On Thursday, the Goods and Services Tax Council, which counts Finance Minister Arun Jaitley and the state finance ministers as members, will gather in Srinagar. The crucial meeting, which is to slot various goods and services into four tax slabs, will make the city part of “economic history”, it is said.

The state administration has made elaborate arrangements for the visiting dignitaries – about 150 are expected to attend – deputing 69 Kashmir Administrative Service officials to the task. The meeting will take place at the Sher-i-Kashmir International Conference Centre, built on the edge of the Dal Lake, fringed with tall pines and poplars.

Incidentally, Jammu and Kashmir, because of its special status, is not part of the goods and services tax regime yet. It will have to draft a separate law, and businessmen in the Kashmir Valley are already worried it will impinge on the state’s economic autonomy. They will reportedly seek appointments with Jaitley, who arrived in Srinagar a day early to review the security situation with Army Chief General Bipin Rawat.

Making Srinagar the venue for a key meeting on one of modern India’s most significant tax reforms, ahead of its scheduled rollout on July 1, has been hailed as a symbolic gesture. It is perhaps a well-intentioned move on New Delhi’s part, enlisting Kashmir in national policy decisions, shifting the lens away from militancy and crackdowns to economic debate. Like most of Delhi’s gestures, however, there is little beyond the optics and no real engagement with the troubles of the Valley.

Dismissing dissent

Jaitley arrives at a time when the state is in ferment, with several developments taking place at the same time. It recently became clear that elections are not possible in Kashmir at the moment, and the Election Commission on May 2 called off the Anantnag bye-polls, scheduled for May 25. The original date of polling was April 12 but it was postponed in the wake of violence and a low voter turnout in the Srinagar bye-election on April 9.

Curbs on the internet and social media bans have made the youth restive. While many circumvent the ban by using virtual private network servers, others have come up with local options to social media websites like Facebook. Protests against the state have reached campuses; students from high schools and colleges clash with security forces almost daily. Girl students are newly visible participants in these protests.

In South Kashmir, a village lives in fear and despair after Umar Fayaz Parray, a young Kashmiri Army officer, was abducted and killed by militants. In the national media, the local population was put on trial for its support to militancy. Meanwhile, a new phase of large-scale cordon and search operations has been set in motion by security forces, forcing comparisons with the nightmare of the 1990s. Even as Jaitley landed in Srinagar, about 1,000 security forces had moved into Shopian district in South Kashmir to lay siege to villages there and hunt down militants.

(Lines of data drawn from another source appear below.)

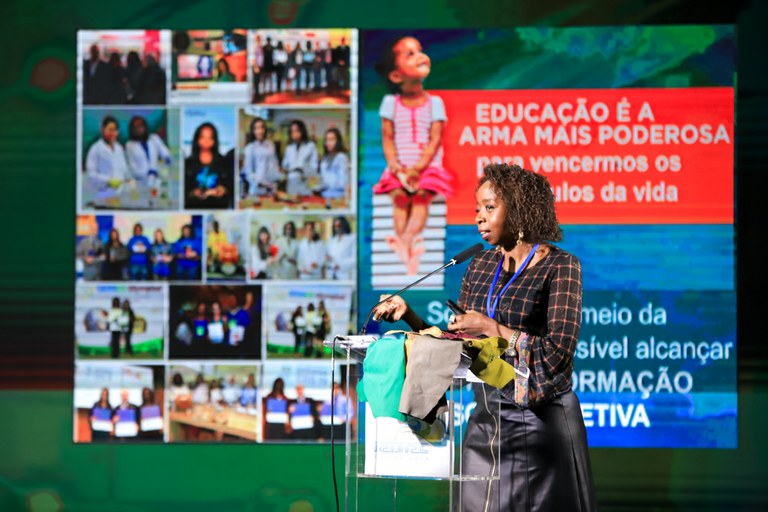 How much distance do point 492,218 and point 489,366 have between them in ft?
2.04

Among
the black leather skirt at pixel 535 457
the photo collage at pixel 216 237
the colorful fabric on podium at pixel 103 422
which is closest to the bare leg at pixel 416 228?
the photo collage at pixel 216 237

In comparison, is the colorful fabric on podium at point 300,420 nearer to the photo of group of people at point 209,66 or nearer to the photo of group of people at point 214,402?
Answer: the photo of group of people at point 214,402

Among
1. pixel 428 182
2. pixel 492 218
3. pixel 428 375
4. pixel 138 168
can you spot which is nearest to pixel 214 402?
pixel 138 168

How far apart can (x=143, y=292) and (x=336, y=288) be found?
101 centimetres

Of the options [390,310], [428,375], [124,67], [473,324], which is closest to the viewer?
[428,375]

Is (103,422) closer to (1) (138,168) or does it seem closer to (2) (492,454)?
(1) (138,168)

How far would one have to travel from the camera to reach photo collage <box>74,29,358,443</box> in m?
5.10

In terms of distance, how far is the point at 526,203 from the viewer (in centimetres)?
303

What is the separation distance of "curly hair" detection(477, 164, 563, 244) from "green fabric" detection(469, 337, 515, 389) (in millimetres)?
557

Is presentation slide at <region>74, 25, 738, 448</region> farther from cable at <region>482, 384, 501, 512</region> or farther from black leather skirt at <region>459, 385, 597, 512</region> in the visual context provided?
cable at <region>482, 384, 501, 512</region>

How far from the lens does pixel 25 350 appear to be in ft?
17.1

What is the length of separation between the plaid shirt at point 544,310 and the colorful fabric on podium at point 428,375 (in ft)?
1.30

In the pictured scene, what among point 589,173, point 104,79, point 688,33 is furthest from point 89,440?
point 688,33

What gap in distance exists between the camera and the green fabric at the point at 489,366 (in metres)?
2.56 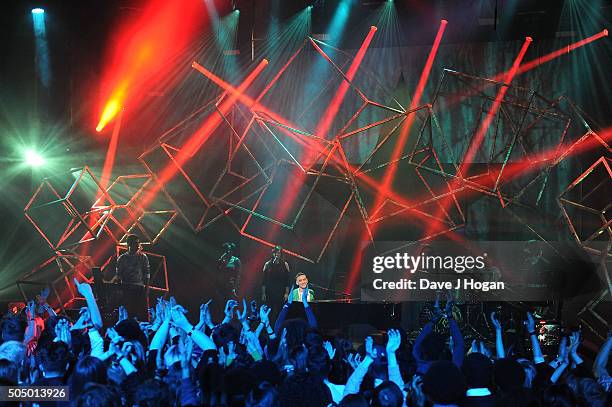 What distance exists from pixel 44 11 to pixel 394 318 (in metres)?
8.93

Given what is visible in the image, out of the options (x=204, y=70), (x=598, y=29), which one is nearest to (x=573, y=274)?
(x=598, y=29)

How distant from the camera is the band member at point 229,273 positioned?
13766mm

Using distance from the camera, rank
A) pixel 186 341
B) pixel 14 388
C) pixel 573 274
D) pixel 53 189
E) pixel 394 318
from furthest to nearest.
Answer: pixel 53 189 → pixel 573 274 → pixel 394 318 → pixel 186 341 → pixel 14 388

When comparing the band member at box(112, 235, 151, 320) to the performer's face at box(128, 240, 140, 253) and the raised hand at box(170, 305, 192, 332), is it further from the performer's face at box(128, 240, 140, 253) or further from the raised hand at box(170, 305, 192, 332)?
the raised hand at box(170, 305, 192, 332)

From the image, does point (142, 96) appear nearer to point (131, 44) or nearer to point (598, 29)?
point (131, 44)

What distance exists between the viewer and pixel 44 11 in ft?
48.5

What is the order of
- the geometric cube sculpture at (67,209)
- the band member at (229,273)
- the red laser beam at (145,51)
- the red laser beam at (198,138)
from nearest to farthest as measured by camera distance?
the band member at (229,273) < the geometric cube sculpture at (67,209) < the red laser beam at (198,138) < the red laser beam at (145,51)

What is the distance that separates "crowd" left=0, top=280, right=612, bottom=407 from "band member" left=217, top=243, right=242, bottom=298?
26.4 feet

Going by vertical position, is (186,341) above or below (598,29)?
below

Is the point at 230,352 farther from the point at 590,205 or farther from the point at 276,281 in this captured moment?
the point at 590,205

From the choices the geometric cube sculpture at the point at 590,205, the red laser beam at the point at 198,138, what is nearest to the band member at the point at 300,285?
the red laser beam at the point at 198,138

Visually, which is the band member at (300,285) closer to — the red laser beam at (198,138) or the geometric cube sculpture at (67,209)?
the red laser beam at (198,138)

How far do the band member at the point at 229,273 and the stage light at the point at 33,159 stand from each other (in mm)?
4246

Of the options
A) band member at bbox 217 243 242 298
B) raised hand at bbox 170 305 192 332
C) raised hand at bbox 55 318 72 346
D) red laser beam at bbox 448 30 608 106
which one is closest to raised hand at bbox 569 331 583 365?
raised hand at bbox 170 305 192 332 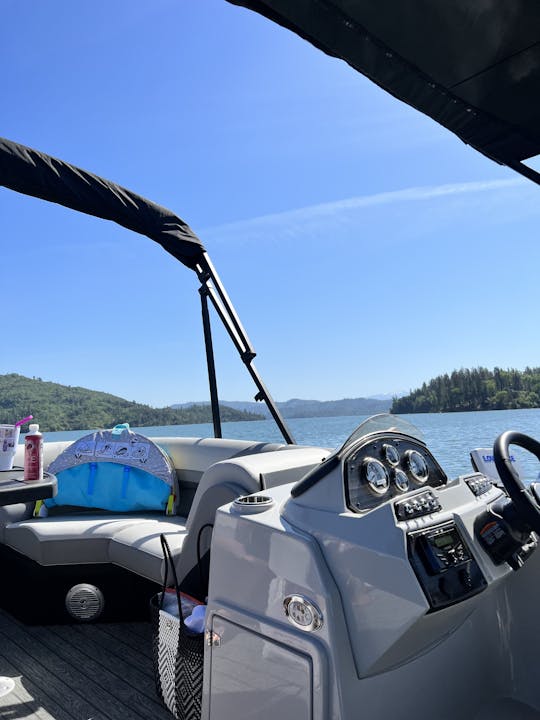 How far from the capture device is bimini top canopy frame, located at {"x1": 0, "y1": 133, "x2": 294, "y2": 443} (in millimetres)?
2607

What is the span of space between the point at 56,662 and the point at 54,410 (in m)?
15.4

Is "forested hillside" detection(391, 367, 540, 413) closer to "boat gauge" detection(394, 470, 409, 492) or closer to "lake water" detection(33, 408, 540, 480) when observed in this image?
"lake water" detection(33, 408, 540, 480)

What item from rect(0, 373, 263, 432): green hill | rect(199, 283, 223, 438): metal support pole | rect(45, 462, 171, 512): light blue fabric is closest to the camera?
rect(45, 462, 171, 512): light blue fabric

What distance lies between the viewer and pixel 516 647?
134 centimetres

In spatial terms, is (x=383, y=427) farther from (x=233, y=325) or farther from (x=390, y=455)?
(x=233, y=325)

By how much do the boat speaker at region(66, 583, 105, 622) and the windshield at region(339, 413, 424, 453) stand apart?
168 cm

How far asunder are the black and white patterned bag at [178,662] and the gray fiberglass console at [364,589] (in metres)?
0.23

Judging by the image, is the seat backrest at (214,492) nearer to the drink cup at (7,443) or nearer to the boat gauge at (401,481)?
the boat gauge at (401,481)

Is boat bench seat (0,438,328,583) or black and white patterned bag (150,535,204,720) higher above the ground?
boat bench seat (0,438,328,583)

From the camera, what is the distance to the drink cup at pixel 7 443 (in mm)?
1867

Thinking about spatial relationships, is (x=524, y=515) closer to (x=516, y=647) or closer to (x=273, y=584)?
(x=273, y=584)

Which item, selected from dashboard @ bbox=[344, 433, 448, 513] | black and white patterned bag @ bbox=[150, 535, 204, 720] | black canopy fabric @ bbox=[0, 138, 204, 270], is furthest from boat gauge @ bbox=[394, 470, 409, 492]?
black canopy fabric @ bbox=[0, 138, 204, 270]

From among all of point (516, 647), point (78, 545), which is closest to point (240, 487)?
point (516, 647)

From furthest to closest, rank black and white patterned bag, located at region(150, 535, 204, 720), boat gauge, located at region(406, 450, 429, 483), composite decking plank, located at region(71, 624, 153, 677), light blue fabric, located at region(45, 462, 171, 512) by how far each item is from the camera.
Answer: light blue fabric, located at region(45, 462, 171, 512) < composite decking plank, located at region(71, 624, 153, 677) < black and white patterned bag, located at region(150, 535, 204, 720) < boat gauge, located at region(406, 450, 429, 483) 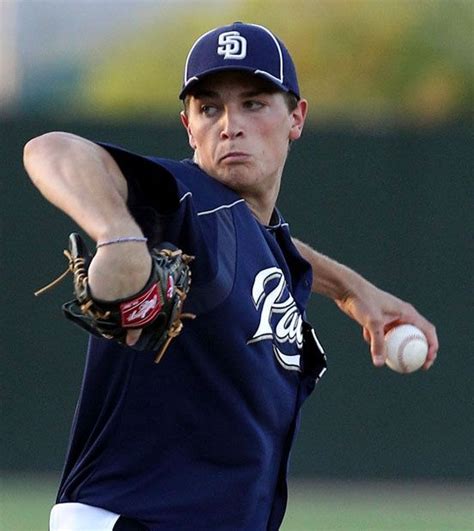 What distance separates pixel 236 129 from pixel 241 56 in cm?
20

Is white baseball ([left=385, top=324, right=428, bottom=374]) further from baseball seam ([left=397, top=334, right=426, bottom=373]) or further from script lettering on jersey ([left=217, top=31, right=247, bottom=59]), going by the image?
script lettering on jersey ([left=217, top=31, right=247, bottom=59])

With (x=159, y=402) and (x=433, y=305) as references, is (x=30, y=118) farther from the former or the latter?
(x=159, y=402)

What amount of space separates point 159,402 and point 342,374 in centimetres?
653

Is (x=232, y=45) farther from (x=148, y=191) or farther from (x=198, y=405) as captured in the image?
(x=198, y=405)

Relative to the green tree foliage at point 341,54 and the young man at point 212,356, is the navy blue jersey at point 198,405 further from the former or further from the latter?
the green tree foliage at point 341,54

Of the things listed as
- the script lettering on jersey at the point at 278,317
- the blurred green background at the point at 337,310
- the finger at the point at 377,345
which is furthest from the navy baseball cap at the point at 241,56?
the blurred green background at the point at 337,310

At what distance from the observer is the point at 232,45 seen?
142 inches

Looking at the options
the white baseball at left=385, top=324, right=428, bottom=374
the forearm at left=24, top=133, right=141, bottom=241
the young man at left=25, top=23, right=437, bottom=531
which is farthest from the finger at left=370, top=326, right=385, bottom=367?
the forearm at left=24, top=133, right=141, bottom=241

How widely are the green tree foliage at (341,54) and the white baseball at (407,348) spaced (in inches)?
705

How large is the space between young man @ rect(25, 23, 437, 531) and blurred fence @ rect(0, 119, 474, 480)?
593 cm

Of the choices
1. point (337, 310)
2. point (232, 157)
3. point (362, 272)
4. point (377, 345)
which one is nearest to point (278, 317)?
point (232, 157)

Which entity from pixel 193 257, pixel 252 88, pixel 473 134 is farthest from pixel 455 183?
pixel 193 257

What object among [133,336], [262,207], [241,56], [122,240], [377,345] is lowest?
[133,336]

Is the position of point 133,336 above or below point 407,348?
below
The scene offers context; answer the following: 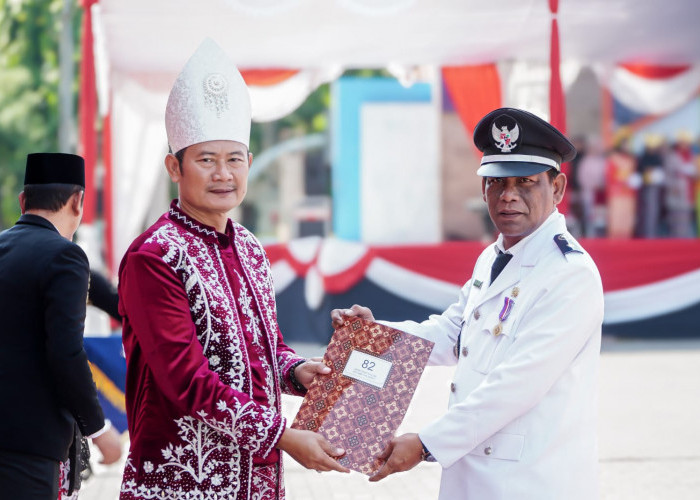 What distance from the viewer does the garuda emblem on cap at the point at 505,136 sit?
2717 mm

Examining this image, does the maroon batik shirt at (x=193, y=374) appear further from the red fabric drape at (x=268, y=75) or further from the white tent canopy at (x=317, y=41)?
the red fabric drape at (x=268, y=75)

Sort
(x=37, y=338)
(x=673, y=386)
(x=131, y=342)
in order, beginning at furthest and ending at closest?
(x=673, y=386) < (x=37, y=338) < (x=131, y=342)

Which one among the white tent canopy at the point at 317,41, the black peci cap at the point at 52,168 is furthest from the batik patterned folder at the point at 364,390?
the white tent canopy at the point at 317,41

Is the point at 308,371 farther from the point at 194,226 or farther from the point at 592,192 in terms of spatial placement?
the point at 592,192

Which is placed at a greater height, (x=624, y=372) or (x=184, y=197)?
(x=184, y=197)

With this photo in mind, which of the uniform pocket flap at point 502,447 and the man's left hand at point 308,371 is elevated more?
the man's left hand at point 308,371

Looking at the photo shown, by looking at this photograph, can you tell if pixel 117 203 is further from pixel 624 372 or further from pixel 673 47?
pixel 673 47

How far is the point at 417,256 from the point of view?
1041 centimetres

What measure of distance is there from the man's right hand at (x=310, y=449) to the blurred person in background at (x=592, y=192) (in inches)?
501

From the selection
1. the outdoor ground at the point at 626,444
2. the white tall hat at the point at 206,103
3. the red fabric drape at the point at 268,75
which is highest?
the red fabric drape at the point at 268,75

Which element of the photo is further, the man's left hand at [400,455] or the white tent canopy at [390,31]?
the white tent canopy at [390,31]

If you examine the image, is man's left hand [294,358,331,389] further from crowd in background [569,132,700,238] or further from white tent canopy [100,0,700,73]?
crowd in background [569,132,700,238]

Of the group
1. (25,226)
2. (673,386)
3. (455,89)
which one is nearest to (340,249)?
(455,89)

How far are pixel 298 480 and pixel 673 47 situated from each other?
8076 millimetres
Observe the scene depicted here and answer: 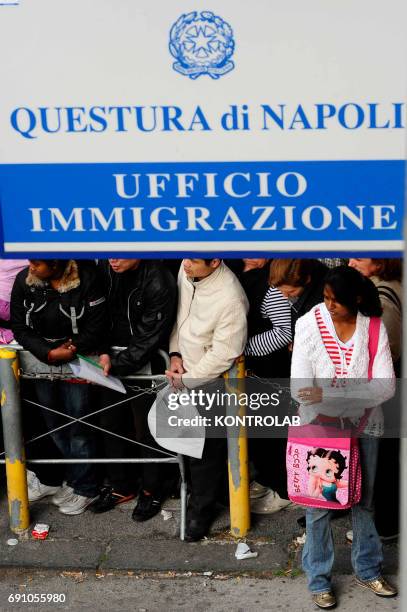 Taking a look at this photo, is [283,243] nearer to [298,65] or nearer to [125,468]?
[298,65]

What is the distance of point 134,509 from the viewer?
629cm

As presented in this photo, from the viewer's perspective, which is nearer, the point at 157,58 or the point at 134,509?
the point at 157,58

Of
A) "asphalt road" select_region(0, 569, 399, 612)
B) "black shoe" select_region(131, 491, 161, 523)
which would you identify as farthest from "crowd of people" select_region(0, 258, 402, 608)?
"asphalt road" select_region(0, 569, 399, 612)

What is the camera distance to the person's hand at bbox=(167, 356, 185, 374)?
19.0ft

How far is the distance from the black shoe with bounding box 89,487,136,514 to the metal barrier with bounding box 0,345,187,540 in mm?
360

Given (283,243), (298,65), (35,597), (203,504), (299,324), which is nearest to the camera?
(298,65)

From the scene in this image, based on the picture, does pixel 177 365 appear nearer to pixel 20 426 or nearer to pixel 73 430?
pixel 73 430

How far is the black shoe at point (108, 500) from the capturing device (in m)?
6.33

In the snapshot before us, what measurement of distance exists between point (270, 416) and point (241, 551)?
2.61 ft

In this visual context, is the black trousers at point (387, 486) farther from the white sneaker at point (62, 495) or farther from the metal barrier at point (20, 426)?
the white sneaker at point (62, 495)

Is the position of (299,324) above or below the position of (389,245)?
below

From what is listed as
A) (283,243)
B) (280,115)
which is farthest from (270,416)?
(280,115)

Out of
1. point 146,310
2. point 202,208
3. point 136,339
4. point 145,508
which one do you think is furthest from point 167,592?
point 202,208

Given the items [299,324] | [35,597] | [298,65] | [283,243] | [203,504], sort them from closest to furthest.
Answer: [298,65]
[283,243]
[299,324]
[35,597]
[203,504] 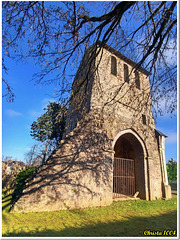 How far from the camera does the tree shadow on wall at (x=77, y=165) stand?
Answer: 507 centimetres

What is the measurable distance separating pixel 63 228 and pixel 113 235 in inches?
50.2

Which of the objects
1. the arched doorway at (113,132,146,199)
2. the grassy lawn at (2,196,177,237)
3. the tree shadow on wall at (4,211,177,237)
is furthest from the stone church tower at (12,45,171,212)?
the tree shadow on wall at (4,211,177,237)

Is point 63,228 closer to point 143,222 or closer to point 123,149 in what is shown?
point 143,222

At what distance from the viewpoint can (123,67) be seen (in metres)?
10.5

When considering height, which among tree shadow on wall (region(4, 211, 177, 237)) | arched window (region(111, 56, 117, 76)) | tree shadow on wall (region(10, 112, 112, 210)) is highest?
arched window (region(111, 56, 117, 76))

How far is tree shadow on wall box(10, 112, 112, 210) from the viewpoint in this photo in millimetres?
5070

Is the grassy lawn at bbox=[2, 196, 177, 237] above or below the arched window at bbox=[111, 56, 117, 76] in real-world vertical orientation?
below

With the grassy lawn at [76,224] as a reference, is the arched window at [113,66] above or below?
Result: above

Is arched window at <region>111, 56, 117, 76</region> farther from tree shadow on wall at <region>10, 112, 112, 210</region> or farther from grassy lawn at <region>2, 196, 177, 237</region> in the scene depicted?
grassy lawn at <region>2, 196, 177, 237</region>

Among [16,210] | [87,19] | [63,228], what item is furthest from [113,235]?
[87,19]

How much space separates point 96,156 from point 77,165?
3.35 feet

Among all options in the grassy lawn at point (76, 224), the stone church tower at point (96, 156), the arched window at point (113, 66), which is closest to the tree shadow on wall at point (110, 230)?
the grassy lawn at point (76, 224)

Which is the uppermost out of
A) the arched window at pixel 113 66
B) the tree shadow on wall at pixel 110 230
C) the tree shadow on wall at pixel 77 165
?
the arched window at pixel 113 66

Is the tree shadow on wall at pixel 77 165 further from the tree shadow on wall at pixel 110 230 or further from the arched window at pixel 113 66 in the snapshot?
the arched window at pixel 113 66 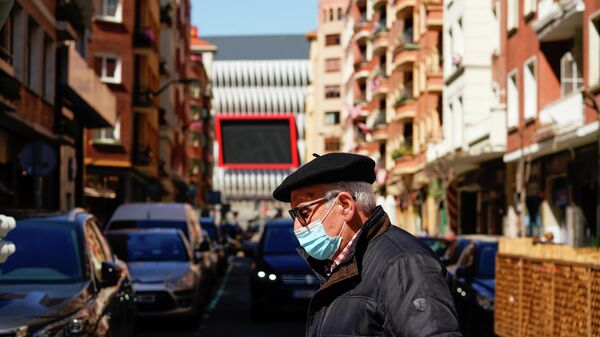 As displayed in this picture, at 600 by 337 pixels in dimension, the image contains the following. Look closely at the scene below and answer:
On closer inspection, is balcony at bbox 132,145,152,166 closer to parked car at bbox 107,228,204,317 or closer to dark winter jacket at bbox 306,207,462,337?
parked car at bbox 107,228,204,317

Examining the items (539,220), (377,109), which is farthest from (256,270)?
(377,109)

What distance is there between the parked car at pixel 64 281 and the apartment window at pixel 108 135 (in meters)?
39.7

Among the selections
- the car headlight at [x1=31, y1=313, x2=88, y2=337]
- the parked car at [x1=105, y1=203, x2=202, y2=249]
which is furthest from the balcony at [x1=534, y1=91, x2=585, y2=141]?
the car headlight at [x1=31, y1=313, x2=88, y2=337]

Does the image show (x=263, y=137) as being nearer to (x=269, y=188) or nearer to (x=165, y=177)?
(x=165, y=177)

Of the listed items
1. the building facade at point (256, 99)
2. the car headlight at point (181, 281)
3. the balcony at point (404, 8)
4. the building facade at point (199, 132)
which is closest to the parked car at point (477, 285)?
the car headlight at point (181, 281)

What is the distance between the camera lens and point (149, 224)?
942 inches

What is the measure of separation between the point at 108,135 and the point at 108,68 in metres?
3.06

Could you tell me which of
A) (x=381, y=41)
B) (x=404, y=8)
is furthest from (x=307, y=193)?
(x=381, y=41)

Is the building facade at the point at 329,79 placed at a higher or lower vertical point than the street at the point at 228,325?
higher

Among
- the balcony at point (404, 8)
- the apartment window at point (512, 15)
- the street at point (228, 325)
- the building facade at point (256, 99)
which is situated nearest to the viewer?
the street at point (228, 325)

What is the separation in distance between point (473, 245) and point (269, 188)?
569ft

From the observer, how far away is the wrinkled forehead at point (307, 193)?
3.83 metres

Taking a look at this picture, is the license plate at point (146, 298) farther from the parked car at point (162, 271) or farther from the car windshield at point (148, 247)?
the car windshield at point (148, 247)

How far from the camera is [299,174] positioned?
12.7 ft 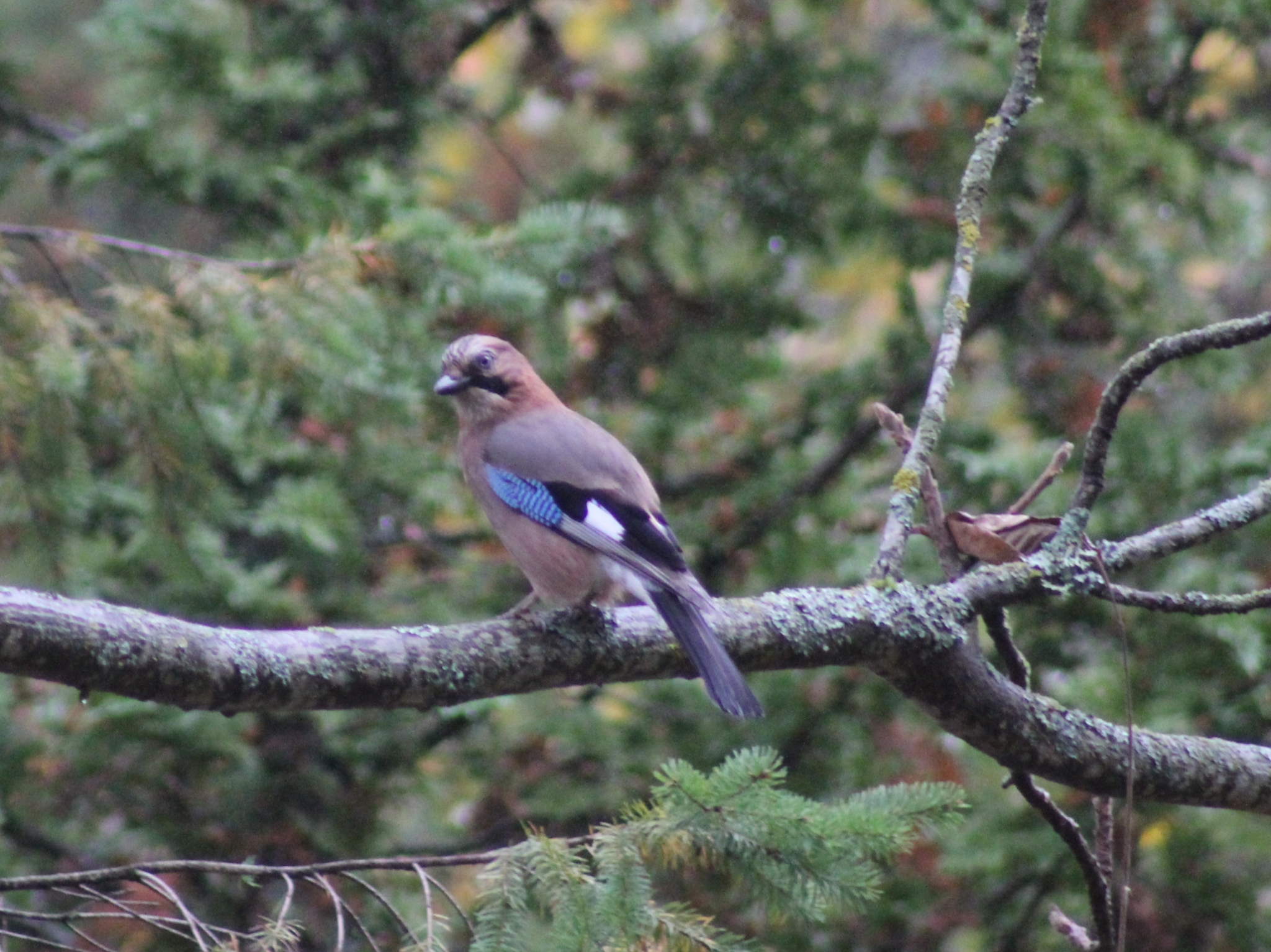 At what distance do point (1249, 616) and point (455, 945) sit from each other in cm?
365

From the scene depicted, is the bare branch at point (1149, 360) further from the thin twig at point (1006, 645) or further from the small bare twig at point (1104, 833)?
the small bare twig at point (1104, 833)

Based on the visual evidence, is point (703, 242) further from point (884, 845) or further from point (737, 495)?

The militancy itself is taking a new, disturbing turn, with civilians as well as security forces coming under fire. There has also been a split in militant ranks after Zakir Musa, a former Hizbul Mujahideen commander, released a video threatening Hurriyat leaders and anyone else who called the Kashmir struggle a “secular movement” for political freedom. They were fighting for Islam and the Sharia, Musa said, quitting the Hizbul Mujahideen on Saturday after the organisation distanced itself from his remark. Both militancy and the anti-India agitation seem to be poised at a crucial juncture.

Jaitley could have used his visit better. He could have tried reaching out to different constituencies of opinion, from students to civil society groups to separatist leaders. Of course, he would have to work through layers of fear and mistrust – Jammu and Kashmir Liberation Front leader Yasin Malik on Wednesday spoke out against dialogue with the Bharatiya Janata Party. But the Centre persists in its old ways, consulting the Army, dismissing all dissent as manufactured by Pakistan, treating Kashmir only as a security issue.

A tired politics

What does it mean to hold a major national policy meeting in a place where most voters have rejected electoral processes altogether? Earlier this week, another function at the Sher-i-Kashmir International Conference Centre ended in disaster. Chief Minister Mehbooba Mufti, whose Peoples’ Democratic Party heads a coalition government with the BJP in the state, was scheduled to address women’s self-help groups in a programme organised by the State Rural Livelihoods Mission but had to leave the premises after women there broke into protest.

Talking economics and livelihoods cannot cover up larger political questions, they seemed to be saying, functions and conferences can only lend the illusion of normalcy to the Valley.

But Delhi’s initiatives in Kashmir have largely been restricted to politics of gestures, especially in recent years, after talks with separatist leaders became a thing of the past. During the rule of the Congress-led United Progressive Alliance at the Centre, it was railway inaugurations and special packages for the state. After the BJP-headed National Democratic Alliance came to power, it was sudden, high-profile visits by Prime Minister Narendra Modi, who promised relief after the devastating 2014 floods and more special packages. Scant government relief reached flood victims, and the special packages are reportedly still on their way. Mere political gestures might have reached their limits in an angry Valley.